Please give back each line of the material unchanged, but without the images.
-- Opening Marker --
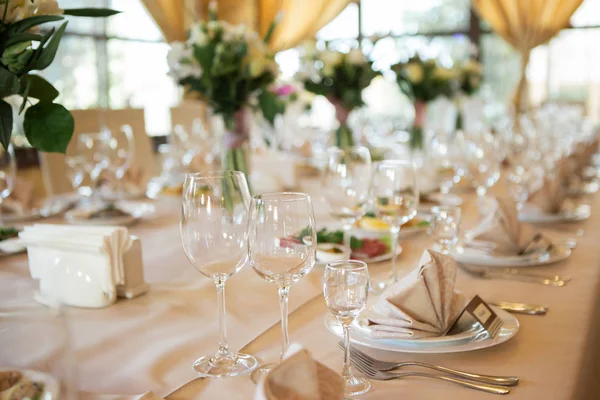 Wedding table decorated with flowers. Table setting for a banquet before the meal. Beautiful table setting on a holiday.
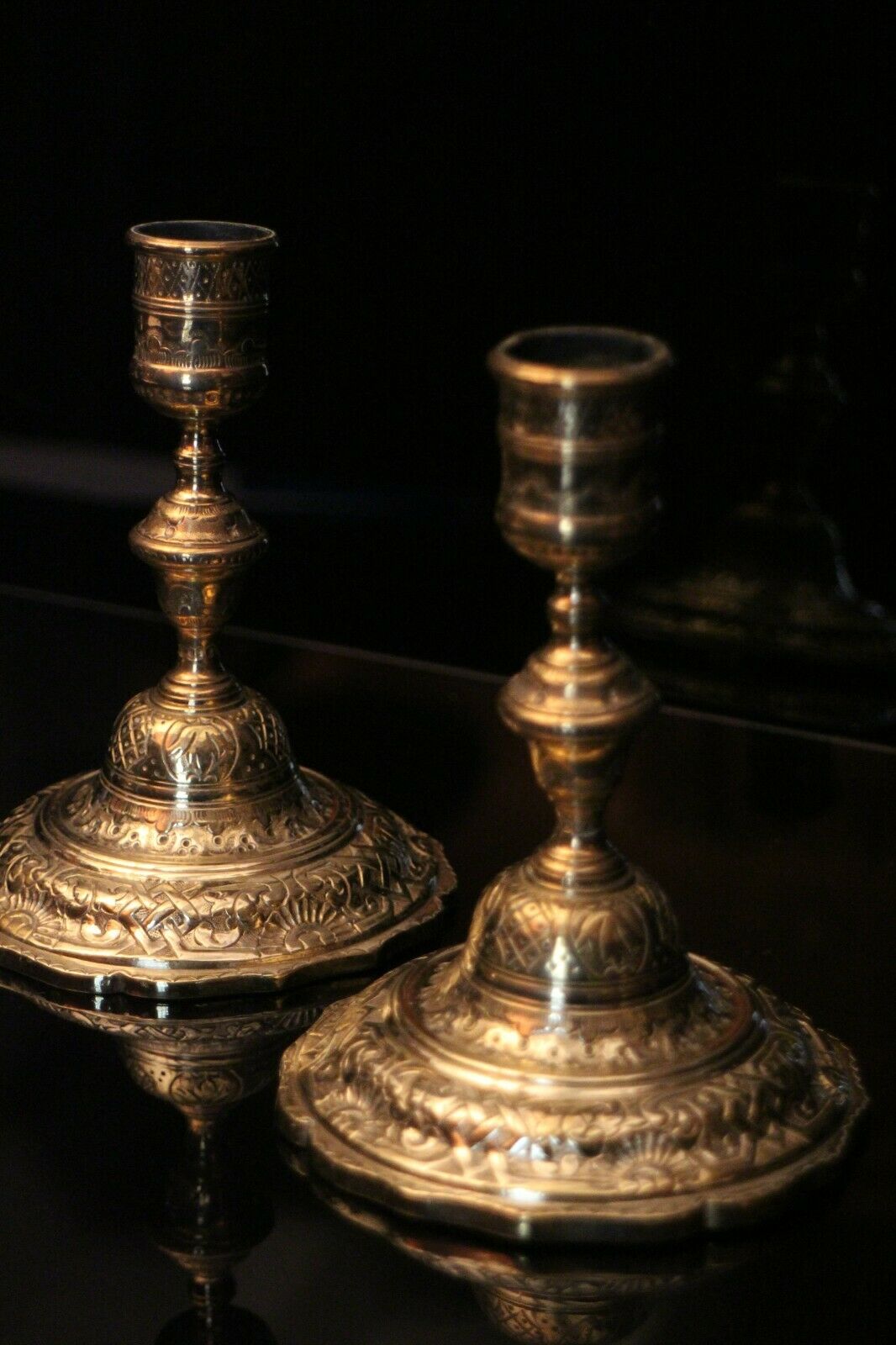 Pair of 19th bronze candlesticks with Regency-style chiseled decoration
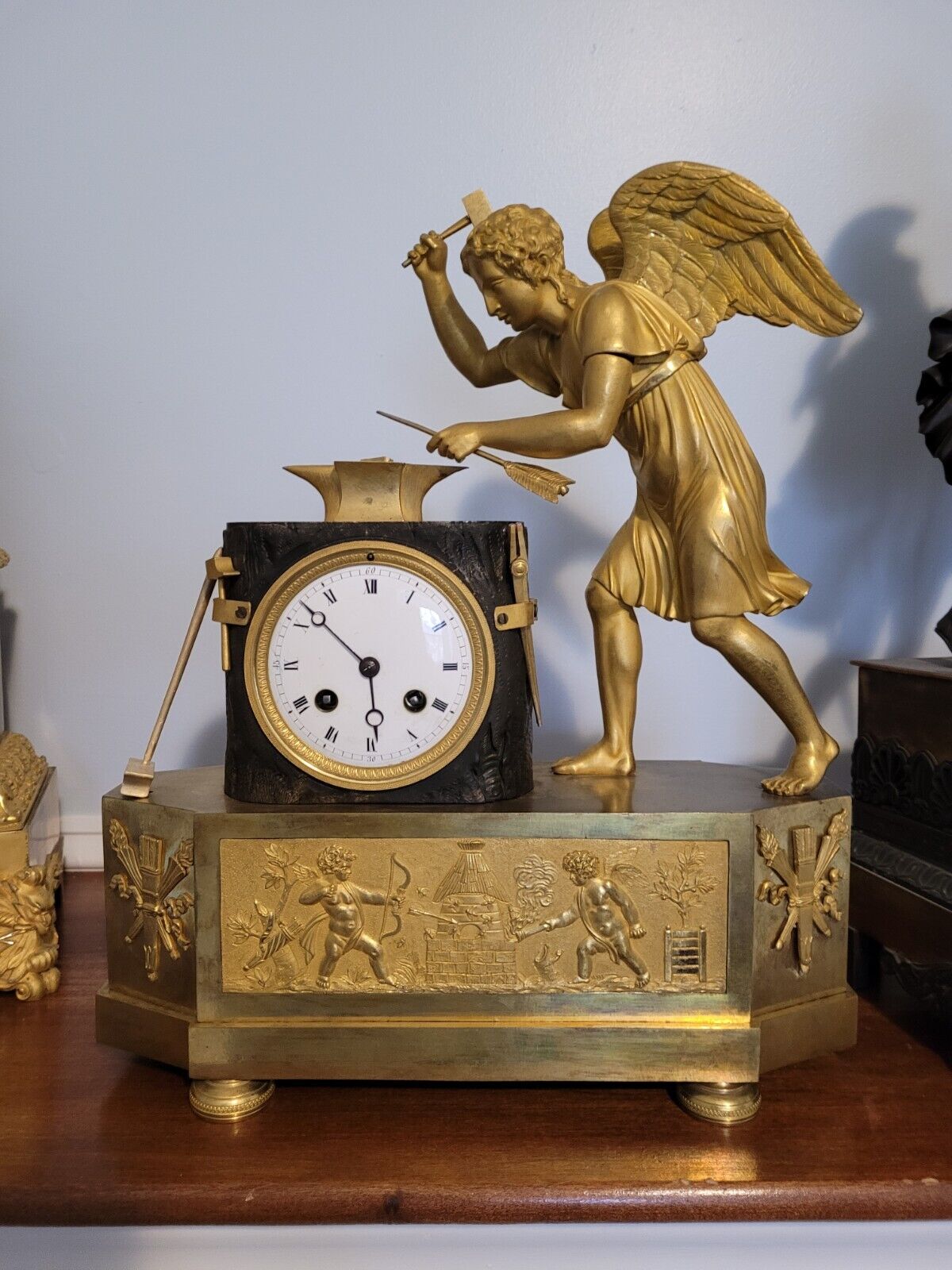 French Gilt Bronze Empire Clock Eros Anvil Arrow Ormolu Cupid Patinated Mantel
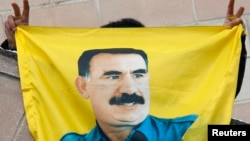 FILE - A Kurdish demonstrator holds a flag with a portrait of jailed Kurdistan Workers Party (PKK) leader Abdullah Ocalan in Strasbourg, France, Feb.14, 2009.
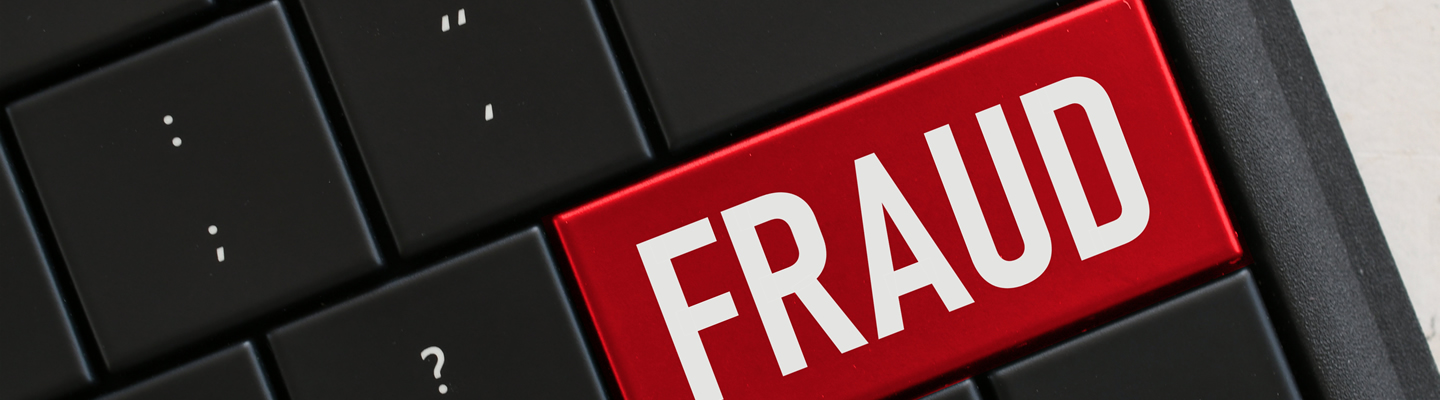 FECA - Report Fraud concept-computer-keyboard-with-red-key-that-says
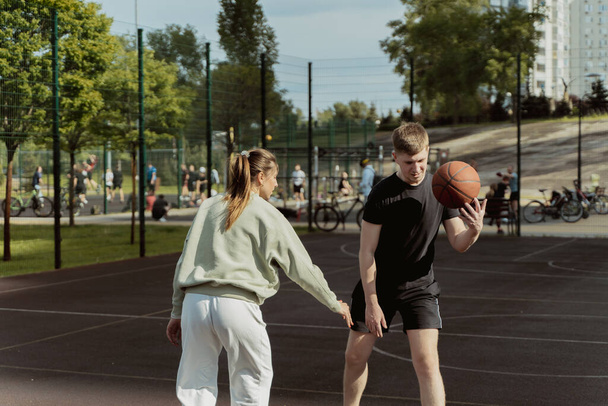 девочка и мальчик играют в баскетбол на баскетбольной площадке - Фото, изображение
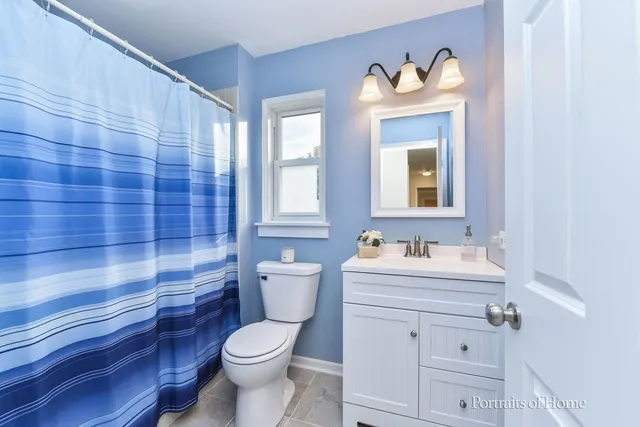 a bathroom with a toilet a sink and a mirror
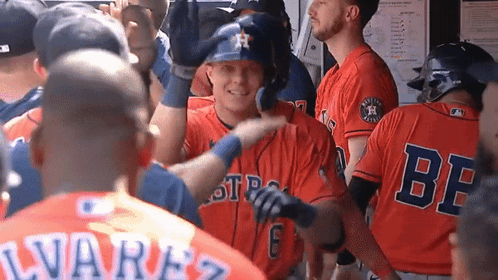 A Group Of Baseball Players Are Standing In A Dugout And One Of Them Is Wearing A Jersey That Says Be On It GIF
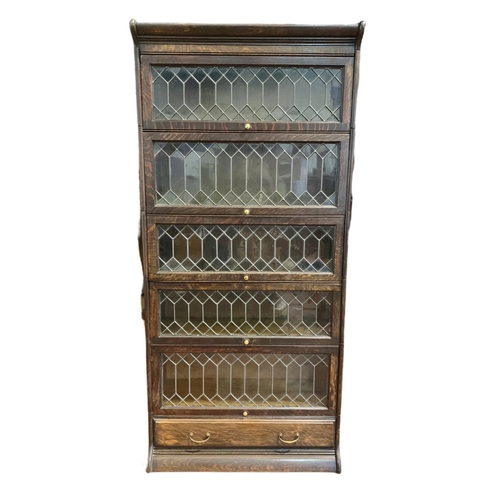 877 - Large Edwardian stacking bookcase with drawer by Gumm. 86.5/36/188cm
-- Closing Marker --
**Completed task**
 Wedding table decorated with flowers. Table setting for a banquet before the meal. Beautiful table setting on a holiday.
 Pair of 19th bronze candlesticks with Regency-style chiseled decoration
 French Gilt Bronze Empire Clock Eros Anvil Arrow Ormolu Cupid Patinated Mantel
 FILE - A Kurdish demonstrator holds a flag with a portrait of jailed Kurdistan Workers Party (PKK) leader Abdullah Ocalan in Strasbourg, France, Feb.14, 2009.
 FECA - Report Fraud concept-computer-keyboard-with-red-key-that-says
 девочка и мальчик играют в баскетбол на баскетбольной площадке - Фото, изображение
 a bathroom with a toilet a sink and a mirror
 A Group Of Baseball Players Are Standing In A Dugout And One Of Them Is Wearing A Jersey That Says Be On It GIF
 877 - Large Edwardian stacking bookcase with drawer by Gumm. 86.5/36/188cm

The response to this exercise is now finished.